Pengaruh asupan protein pada pemulihan otot

63

"Protein shake" dan strategi diet protein tinggi lainnya diyakini oleh beberapa orang untuk meningkatkan waktu pemulihan otot setelah latihan. Namun, ada beberapa pendapat yang bertentangan: bahwa asupan protein di luar tingkat normal tidak menghasilkan waktu pemulihan yang lebih cepat. Apakah mengonsumsi protein dalam jumlah besar sebenarnya membantu mempercepat pemulihan otot setelah latihan?

intuisi
sumber

Jawaban:

34

Anda akan menemukan banyak saran di Internet tentang yang satu ini, sebagian besar tidak diperlihatkan.

Inilah yang dikatakan British Journal of Sports Medicine tentang hal itu:

Penelitian terbaru menunjukkan bahwa waktu asupan protein yang terkait dengan olahraga mungkin lebih penting daripada jumlah total protein yang dikonsumsi dalam sehari. Dalam kasus pelatihan resistensi, asupan sekitar 20-25 g sumber protein berkualitas tinggi dalam satu jam setelah latihan tampaknya menghasilkan tingkat maksimum sintesis protein.

Jadi, jumlah total protein yang dikonsumsi tidak penting, waktunya.
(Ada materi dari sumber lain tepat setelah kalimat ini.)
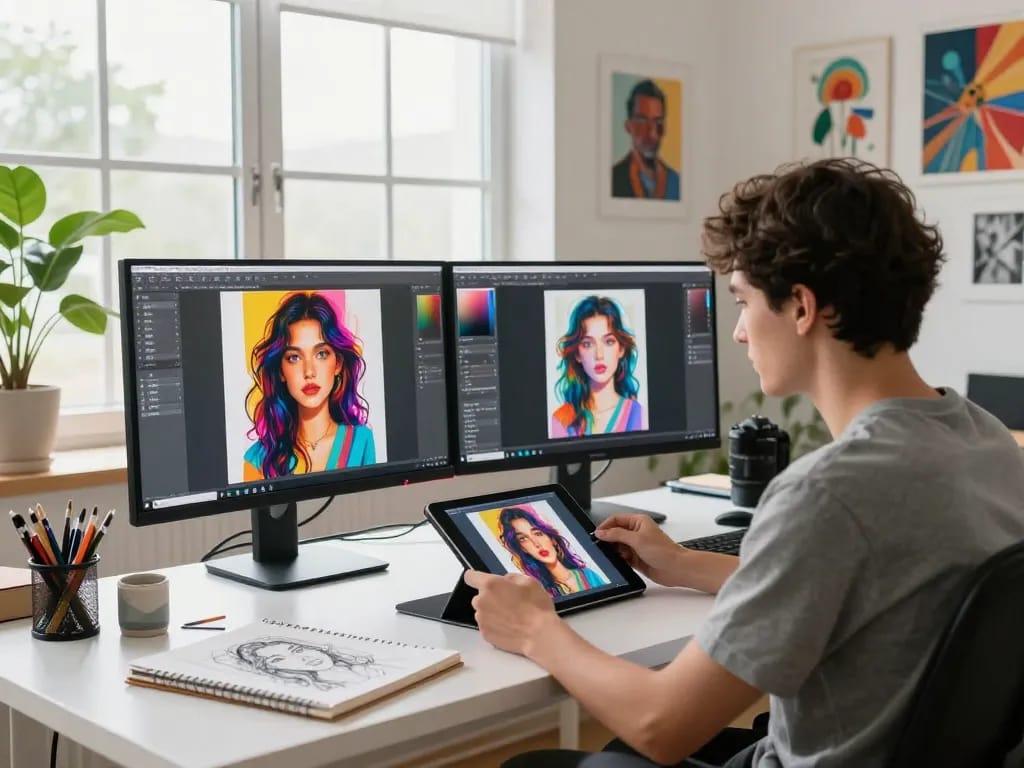 Designer using an image to prompt tool in a creative workspace, showcasing AI-generated artwork.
Tetapi jumlah ini jauh lebih kecil dari apa yang dikatakan suplemen.

(untuk melihat artikel lengkap yang ditautkan di atas, Anda harus berlangganan selama 30 hari gratis).

metode tindakan
sumber
Bisakah Anda menguraikan waktunya?
Vetle
Perlu diketahui, saya baru saja mendapatkan Soya Protein dan bertanya-tanya berapa waktu terbaik untuk asupan.
Ivo Flipse
5
Perhatikan kutipan yang mengatakan "tarif maksimum" dan tidak benar-benar menjawab pertanyaan tentang jumlah total. Kalimat pertama memenuhi syarat (mis. " Mungkin lebih penting"). Kalimat kedua hanya membahas tingkat tetapi tidak total. Adakah yang lebih relevan dari sumber ini (hanya abstrak yang tersedia) atau yang lain? Kita akan membutuhkan studi yang mengukur sepanjang hari (atau lebih lama), bukan hanya berjam-jam sebelum atau sesudahnya (dan bukan hanya diskusi tentang tingkat).
Keith Bentrup
4
Perhatikan bahwa jawaban Anda setidaknya kontroversial, jika tidak langsung ditolak / ketinggalan jaman informasi: jissn.com/content/pdf/1550-2783-10-53.pdf , Shoenfeld et al. menemukan bahwa "asupan protein total adalah prediktor terkuat besarnya ES." dan bahwa "hasil mereka membantah kepercayaan umum bahwa waktu asupan protein di dalam dan sekitar sesi pelatihan sangat penting untuk adaptasi otot." Mereka menulis bahwa "Manfaat hipertrofik yang dirasakan yang terlihat dalam studi waktu tampaknya merupakan hasil dari peningkatan konsumsi protein yang bertentangan dengan faactor temporal."
Matius
Saya juga membaca pernyataan yang berlawanan di beberapa tempat. Mengatakan "Jumlah> Waktu". Tidak yakin mana yang bisa dipercaya
Esqarrouth
15

Ada beberapa kontradiksi mengenai apa bagian yang paling penting: waktu, jumlah dll. Saya telah menemukan studi yang cukup bagus yang menunjukkan bahwa goyangan pasca-latihan tidak benar-benar membuat perbedaan dan kemudian ada penelitian seperti kutipan Duopixel yang menyarankan seberang. Ada juga banyak variabel bahkan mengenai goyang pasca-latihan: dengan / tanpa karbohidrat, "jenis" protein apa, jumlah protein berapa, jarak dari makanan sebelumnya / berikutnya, dll.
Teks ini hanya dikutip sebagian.